==== Input material ====
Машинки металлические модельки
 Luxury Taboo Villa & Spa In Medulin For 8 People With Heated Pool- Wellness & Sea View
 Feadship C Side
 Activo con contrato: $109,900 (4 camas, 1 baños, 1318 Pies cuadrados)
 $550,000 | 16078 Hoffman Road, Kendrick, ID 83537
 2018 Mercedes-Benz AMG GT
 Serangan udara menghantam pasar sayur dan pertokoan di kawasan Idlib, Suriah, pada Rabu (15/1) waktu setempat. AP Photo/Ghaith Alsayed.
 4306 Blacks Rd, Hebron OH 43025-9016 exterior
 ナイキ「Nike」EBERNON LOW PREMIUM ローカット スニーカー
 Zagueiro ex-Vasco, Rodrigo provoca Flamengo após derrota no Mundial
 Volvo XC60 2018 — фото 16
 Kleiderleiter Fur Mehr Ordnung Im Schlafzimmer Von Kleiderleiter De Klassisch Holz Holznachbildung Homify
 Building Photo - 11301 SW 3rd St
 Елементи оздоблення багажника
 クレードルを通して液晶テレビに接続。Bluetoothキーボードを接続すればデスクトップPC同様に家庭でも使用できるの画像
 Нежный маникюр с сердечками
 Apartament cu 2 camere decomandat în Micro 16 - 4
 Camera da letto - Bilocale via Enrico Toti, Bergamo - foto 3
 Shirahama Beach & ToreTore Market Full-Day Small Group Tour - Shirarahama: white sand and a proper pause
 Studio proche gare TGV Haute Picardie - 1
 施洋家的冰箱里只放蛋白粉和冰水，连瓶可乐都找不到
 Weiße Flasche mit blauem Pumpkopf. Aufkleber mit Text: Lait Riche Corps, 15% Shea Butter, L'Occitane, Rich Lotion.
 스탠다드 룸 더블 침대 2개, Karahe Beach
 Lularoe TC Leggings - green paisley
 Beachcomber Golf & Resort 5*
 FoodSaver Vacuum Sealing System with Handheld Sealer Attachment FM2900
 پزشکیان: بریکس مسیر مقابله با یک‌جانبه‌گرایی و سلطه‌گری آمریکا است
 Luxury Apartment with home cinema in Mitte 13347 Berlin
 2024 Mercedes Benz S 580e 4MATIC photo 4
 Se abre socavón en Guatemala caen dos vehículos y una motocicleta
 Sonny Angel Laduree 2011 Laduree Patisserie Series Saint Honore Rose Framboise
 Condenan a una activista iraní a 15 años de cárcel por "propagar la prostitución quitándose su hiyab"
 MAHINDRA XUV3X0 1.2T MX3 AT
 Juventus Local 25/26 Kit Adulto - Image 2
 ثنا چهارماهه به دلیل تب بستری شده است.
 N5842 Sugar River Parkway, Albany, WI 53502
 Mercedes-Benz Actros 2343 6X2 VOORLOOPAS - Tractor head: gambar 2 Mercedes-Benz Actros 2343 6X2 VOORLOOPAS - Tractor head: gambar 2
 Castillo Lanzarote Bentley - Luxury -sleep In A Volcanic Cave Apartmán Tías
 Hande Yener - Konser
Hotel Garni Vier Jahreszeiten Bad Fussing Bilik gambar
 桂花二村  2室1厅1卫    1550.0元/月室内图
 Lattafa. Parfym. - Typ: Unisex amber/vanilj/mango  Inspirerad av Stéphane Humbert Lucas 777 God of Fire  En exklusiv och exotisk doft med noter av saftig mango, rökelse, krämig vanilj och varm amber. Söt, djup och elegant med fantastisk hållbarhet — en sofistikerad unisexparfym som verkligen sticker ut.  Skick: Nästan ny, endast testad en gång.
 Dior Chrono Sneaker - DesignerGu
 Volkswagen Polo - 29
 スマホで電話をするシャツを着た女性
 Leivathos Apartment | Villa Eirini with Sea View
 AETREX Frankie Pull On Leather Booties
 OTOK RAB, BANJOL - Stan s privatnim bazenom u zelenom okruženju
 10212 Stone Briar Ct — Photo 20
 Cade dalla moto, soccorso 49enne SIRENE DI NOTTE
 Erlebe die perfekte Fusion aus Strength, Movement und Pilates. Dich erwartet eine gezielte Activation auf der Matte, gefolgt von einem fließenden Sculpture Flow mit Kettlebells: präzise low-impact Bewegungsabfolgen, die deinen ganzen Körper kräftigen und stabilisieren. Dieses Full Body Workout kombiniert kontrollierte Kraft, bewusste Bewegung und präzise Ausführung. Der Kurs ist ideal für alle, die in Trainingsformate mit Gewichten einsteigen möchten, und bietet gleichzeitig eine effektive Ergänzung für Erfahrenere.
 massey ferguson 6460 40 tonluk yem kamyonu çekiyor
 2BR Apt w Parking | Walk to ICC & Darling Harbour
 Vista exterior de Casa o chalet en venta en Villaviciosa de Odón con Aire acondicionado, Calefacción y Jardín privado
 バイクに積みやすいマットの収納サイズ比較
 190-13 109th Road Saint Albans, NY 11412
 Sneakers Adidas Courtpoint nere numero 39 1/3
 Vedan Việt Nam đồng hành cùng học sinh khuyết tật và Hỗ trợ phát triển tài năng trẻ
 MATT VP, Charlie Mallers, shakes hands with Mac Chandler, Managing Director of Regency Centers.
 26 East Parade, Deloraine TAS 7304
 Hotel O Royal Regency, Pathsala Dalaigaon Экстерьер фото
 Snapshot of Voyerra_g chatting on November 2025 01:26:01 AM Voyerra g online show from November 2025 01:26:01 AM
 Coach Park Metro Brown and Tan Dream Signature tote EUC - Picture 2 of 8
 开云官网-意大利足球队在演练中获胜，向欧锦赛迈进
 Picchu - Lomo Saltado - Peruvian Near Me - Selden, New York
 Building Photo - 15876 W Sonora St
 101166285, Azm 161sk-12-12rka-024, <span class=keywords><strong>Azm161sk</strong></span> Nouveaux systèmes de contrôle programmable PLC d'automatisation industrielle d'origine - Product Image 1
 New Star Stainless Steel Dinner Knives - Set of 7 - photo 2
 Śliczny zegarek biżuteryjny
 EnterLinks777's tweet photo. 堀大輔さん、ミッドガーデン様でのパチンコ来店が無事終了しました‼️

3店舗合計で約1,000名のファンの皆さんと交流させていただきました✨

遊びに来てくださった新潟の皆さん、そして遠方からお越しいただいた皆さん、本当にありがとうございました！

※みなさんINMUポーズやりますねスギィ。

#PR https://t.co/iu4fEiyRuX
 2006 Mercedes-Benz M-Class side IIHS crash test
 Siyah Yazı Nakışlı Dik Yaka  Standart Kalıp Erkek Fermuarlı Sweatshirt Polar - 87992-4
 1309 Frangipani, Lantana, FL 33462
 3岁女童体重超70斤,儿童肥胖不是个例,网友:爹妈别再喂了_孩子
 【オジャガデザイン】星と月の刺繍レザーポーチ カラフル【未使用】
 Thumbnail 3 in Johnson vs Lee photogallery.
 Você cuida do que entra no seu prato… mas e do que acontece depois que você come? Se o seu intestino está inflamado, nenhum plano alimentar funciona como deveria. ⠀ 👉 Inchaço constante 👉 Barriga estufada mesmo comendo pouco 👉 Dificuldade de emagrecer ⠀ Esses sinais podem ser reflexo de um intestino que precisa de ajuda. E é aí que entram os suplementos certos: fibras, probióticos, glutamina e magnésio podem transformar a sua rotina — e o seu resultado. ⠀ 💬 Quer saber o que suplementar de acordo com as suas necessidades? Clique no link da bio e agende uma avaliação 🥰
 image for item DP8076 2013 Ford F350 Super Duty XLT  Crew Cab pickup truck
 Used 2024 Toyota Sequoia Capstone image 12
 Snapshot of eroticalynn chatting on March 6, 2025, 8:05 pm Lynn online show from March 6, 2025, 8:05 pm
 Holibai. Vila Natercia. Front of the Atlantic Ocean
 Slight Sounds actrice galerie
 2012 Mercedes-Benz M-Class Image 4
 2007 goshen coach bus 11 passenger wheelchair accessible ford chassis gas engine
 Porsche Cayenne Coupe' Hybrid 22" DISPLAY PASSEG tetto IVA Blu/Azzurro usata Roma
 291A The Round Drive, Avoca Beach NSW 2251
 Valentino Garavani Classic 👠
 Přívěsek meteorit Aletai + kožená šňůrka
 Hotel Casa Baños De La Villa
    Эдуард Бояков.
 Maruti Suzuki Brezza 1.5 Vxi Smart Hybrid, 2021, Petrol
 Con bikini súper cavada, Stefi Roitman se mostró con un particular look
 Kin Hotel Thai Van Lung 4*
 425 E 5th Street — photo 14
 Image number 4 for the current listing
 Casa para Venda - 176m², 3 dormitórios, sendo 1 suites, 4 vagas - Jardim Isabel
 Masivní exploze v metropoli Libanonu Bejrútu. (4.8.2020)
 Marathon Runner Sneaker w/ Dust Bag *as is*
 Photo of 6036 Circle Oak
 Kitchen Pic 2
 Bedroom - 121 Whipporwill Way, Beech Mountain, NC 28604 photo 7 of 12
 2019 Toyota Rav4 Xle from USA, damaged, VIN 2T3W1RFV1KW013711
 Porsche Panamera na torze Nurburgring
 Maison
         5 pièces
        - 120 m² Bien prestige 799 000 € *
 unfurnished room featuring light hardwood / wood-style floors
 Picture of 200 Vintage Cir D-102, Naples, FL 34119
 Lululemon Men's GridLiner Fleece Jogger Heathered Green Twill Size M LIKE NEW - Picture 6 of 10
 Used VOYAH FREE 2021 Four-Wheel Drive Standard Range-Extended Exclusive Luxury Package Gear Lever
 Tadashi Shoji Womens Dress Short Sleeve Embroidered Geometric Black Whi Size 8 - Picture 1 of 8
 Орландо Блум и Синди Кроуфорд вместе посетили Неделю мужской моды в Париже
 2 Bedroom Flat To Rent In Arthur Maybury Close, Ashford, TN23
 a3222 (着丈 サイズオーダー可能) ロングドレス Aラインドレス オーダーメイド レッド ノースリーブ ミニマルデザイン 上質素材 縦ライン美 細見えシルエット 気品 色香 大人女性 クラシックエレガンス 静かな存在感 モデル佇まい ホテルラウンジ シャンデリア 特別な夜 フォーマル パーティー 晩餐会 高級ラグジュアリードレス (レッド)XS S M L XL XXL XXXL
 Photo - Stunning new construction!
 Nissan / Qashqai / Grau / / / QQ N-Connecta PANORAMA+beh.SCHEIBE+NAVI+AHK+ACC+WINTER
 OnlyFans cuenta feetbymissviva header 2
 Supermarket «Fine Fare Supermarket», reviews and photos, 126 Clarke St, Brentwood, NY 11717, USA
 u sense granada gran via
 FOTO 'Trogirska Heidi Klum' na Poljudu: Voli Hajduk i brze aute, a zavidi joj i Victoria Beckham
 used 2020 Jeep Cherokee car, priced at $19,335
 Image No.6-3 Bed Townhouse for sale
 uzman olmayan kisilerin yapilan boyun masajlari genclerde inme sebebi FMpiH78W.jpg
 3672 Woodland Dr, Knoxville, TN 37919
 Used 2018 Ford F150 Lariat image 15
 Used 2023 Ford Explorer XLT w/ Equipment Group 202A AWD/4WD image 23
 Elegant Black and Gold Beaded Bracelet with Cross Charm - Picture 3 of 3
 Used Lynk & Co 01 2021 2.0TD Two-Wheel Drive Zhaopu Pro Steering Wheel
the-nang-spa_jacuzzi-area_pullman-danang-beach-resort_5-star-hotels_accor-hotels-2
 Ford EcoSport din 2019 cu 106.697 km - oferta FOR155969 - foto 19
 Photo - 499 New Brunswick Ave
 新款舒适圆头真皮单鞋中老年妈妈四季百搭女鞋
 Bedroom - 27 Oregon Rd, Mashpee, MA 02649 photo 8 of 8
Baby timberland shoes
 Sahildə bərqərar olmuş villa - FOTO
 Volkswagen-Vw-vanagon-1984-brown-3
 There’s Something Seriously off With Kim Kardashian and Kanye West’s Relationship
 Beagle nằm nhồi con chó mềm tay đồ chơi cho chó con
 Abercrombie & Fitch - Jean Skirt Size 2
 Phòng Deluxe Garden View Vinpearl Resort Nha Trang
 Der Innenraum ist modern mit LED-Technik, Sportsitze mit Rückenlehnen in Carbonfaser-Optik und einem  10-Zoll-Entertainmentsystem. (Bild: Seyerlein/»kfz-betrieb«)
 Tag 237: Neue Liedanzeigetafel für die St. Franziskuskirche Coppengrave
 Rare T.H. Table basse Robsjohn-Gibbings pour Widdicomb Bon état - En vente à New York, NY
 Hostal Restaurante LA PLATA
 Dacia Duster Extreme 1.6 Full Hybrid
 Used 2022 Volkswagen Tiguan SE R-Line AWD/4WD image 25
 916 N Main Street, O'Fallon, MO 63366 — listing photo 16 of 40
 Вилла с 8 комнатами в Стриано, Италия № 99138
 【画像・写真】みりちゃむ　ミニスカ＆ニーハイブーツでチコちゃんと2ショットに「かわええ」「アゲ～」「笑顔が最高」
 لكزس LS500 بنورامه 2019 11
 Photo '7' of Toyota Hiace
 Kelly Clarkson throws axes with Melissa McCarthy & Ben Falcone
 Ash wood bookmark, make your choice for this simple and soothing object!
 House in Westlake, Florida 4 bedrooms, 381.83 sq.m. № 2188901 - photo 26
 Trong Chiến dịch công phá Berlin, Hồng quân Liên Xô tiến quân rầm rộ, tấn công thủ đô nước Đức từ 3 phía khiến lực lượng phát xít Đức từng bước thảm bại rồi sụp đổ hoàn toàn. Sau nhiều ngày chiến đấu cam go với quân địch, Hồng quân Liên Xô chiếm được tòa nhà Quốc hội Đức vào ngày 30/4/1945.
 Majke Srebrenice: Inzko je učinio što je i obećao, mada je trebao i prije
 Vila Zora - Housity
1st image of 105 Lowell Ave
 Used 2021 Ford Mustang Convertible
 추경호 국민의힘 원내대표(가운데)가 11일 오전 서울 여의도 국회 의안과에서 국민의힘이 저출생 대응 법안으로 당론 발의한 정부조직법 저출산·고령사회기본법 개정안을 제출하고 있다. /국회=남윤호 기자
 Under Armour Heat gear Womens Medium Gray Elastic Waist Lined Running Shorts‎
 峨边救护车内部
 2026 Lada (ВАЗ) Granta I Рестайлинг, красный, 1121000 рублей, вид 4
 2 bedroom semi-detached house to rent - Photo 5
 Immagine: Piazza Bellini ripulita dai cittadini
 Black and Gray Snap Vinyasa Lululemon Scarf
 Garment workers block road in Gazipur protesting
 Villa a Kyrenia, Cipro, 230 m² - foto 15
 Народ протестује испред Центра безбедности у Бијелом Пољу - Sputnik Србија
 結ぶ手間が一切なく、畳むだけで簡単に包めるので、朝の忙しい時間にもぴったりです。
====
[Task to complete]: Search the entries above for "Drive". Show every line that has it.

[Output below]:
 291A The Round Drive, Avoca Beach NSW 2251
 Used VOYAH FREE 2021 Four-Wheel Drive Standard Range-Extended Exclusive Luxury Package Gear Lever
 Used Lynk & Co 01 2021 2.0TD Two-Wheel Drive Zhaopu Pro Steering Wheel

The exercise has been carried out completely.